I call the added steps the “hidden data factory.” Companies, government agencies, and other organizations are rife with hidden data factories. Salespeople waste time dealing with erred prospect data; service delivery people waste time correcting flawed customer orders received from sales. Data scientists spend an inordinate amount of time cleaning data; IT expends enormous effort lining up systems that “don’t talk.” Senior executives hedge their plans because they don’t trust the numbers from finance.
Such hidden data factories are expensive. They form the basis for IBM’s $3.1 trillion per year figure. But quite naturally, managers should be more interested in the costs to their own organizations than to the economy as a whole. So consider:
There is no mystery in reducing the costs of bad data — you have to shine a harsh light on those hidden data factories and reduce them as much as possible. The aforementioned Friday Afternoon Measurement and the rule of ten help shine that harsh light. So too does the realization that hidden data factories represent non-value-added work.
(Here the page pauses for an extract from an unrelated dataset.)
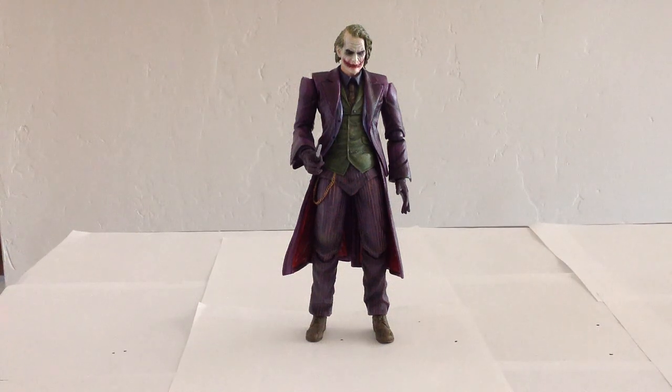Hello everyone, welcome to Victoria's Action Figure Cantina. Today we're having a look at the Square Enix Play Arts Kai, The Dark Knight Trilogy, The Joker.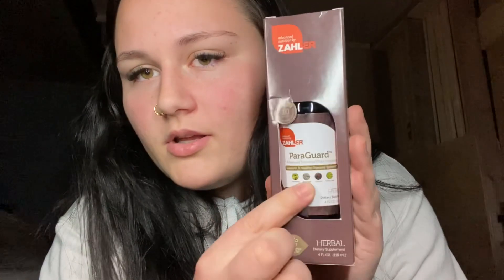Okay, it's in another package, so I guess let's open another one. It smells minty. So Zaylor sent me their Paragard liquid — it's like a parasite wash to remove all the parasites that are in your body. So let's open it.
To see this, look once more at the process above. If Department A does its work well, then Department B would not need to handle the added steps of finding, correcting, and dealing with the consequences of errors, obviating the need for the hidden factory. No reasonably well-informed external customer would pay more for these steps. Thus,the hidden data factory creates no value. By taking steps to remove these inefficiencies, you can spend more time on the more valuable work they will pay for.
Note that very near term, you probably have to continue to do this work. It is simply irresponsible to use bad data or pass it onto a customer. At the same time, all good managers know that, they must minimize such work.
It is clear enough that the way to reduce the size of the hidden data factories is to quit making so many errors. In the two-step process above, this means that Department B must reach out to Department A, explain its requirements, cite some example errors, and share measurements. Department A, for its part, must acknowledge that it is the source of added cost to Department B and work diligently to find and eliminate the root causes of error. Those that follow this regimen almost always reduce the costs associated with hidden data factories by two thirds and often by 90% or more.
I don’t want to make this sound simpler than it really is. It requires a new way of thinking. Sorting out your requirements as a customer can take some effort, it is not always clear where the data originate, and there is the occasional root cause that is tough to resolve. Still, the vast majority of data quality issues yield.
Importantly, the benefits of improving data quality go far beyond reduced costs. It is hard to imagine any sort of future in data when so much is so bad. Thus, improving data quality is a gift that keeps giving — it enables you to take out costs permanently and to more easily pursue other data strategies. For all but a few, there is no better opportunity in data.